The anti-Zionist blog Mondoweiss wrote “Soccer player and resistance fighter Ahmad Daraghmeh killed in Nablus,” covering his profession and alluding to his military activities.
Most of the Muslim and Arab world led with Daraghmeh’s profession which had nothing to do with the incident, as did a commentator from BBC, as reported by the Jewish Chronicle:
“The dead Palestinian footballer lamented by soccer pundit Gary Lineker was actually a Hamas terrorist killed after firing on Israeli soldiers. The former England striker and BBC presenter sparked fury after he described the death as “awful” without giving the context…. Mr Lineker had voiced his outrage over the shooting in response to a tweet that read: “This #Palestinian soccer player Ahmed Daraghmeh was waiting for a great future in representing his country’s team, #Palestine. The bullets of the occupation stopped his football dream & took his life treacherously. A little while ago in #Nablus. #FreePalestine #Ukraine #sportgala”.”
Lineker has a history of retweeting Palestinian propaganda and anti-Semitic vitriol. He has 1.1 million followers who read such posts. Add that total to the readership of the Arab sites, and millions of people were fed false news that Israel was targeting Palestinian athletes for assassination.
Hamas militants are also doctors, merchants, teachers and athletes. It doesn’t absolve them of their heinous terrorism – let alone make Israel the aggressor – but highlights how mainstream the political-terrorist group is in Palestinian society.

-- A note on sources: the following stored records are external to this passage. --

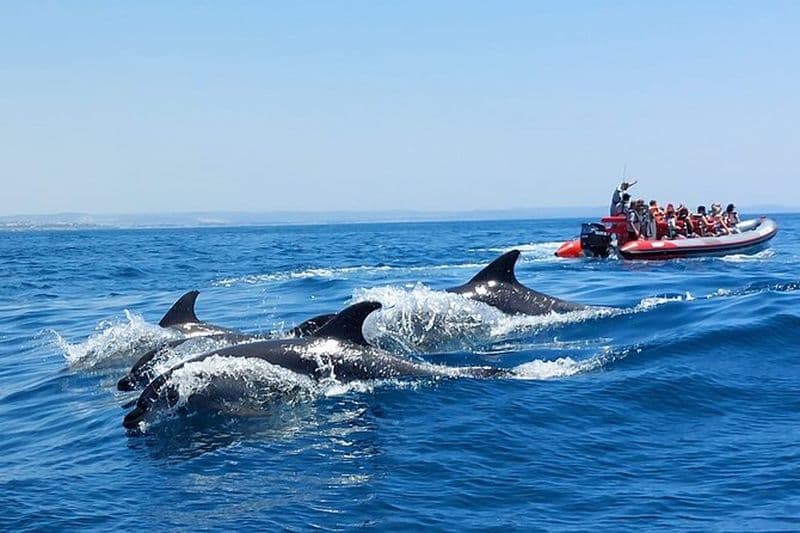 Recherche de dauphins et grottes de Benagil depuis Albufeira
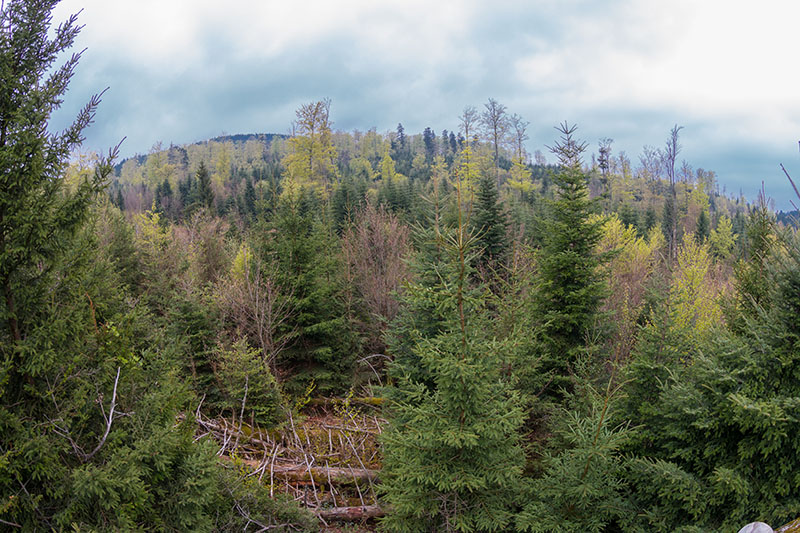 Das Wetter könnte besser sein :-(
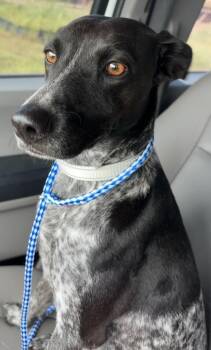Mis Sylvia -  German Shorthaired Pointer and Mixed Breed Dog for Adoption in Park Row, Texas - Mis Sylvia | PetCurious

On December 23, 2015, two frustrated Palestinians aged 21, Anan Abu Habseh and Issa Yassin Asaf from the Qalandiyah refugee camp, came to Jerusalem. Inspired by Palestinian polls which showed 67% support stabbing Israeli Jews (even higher in refugee camps), they left their cellphones and ID cards at home after posting on social media that they were looking to become martyrs. The pair went looking for Jews who walked the streets of the Old City of Jerusalem with impunity, as if their “filthy feet” (to quote Palestinian Authority President Mahmoud Abbas) had any right to walk on purely Islamic holy land.
Rabbi Reuven (Eduardo) Birmacher, age 45, had just finished teaching bible classes to Spanish speaking students at Yeshiva Aish Hatorah in the Old City. He had moved to Israel from Argentina and loved teaching Judaism to young men in Jerusalem. His fluency in Spanish made him an excellent teacher to students who came to Israel from Spanish speaking countries, such as Argentina, Costa Rica and Uruguay.
As Rabbi Birmacher was heading home to his wife and seven children out of the Jaffa Gate, the two Palestinian Arabs set upon and repeatedly stabbed him. He died a short time later.
Rabbi Reuven Birmacher, age 45, a teacher from Aish Hatorah Yeshiva, stabbed by two Palestinian Arabs because he was a Jew in Jerusalem.
Israeli border police shot and killed the two Palestinians who had to resort to violence because Jews had the audacity of teaching Judaism in Jerusalem.
The father of Anan Abu Habseh celebrated the actions of his son. As posted on Fatah’s website, Muhammed Abu Habseh said “with our skulls we pave the path to victory, until the liberation of Palestine. Our compass will not deviate from Jerusalem nor from Palestine.”
The United States House of Representatives had just recently met on October 22, 2015 to discuss the incitement to hatred and violence of Palestinian leadership. It said of PA President Abbas and US Secretary of State John Kerry:
this culture of hate is being cultivated by Palestinian leaders. After being exposed day in and day out to these types of messages for most of their young lives, many of these young people will react and once the
Palestinian President declares, in his words, ``We welcome every drop of blood spilled in Jerusalem'' there are consequences to that.
And it doesn't help when those in the media--or the Secretary of State for that matter--give this incitement a pass.
The terrorist-apologists are telling you that Arabs resort to violence. If only there were no Jews in the holy land, they wouldn’t have to kill them.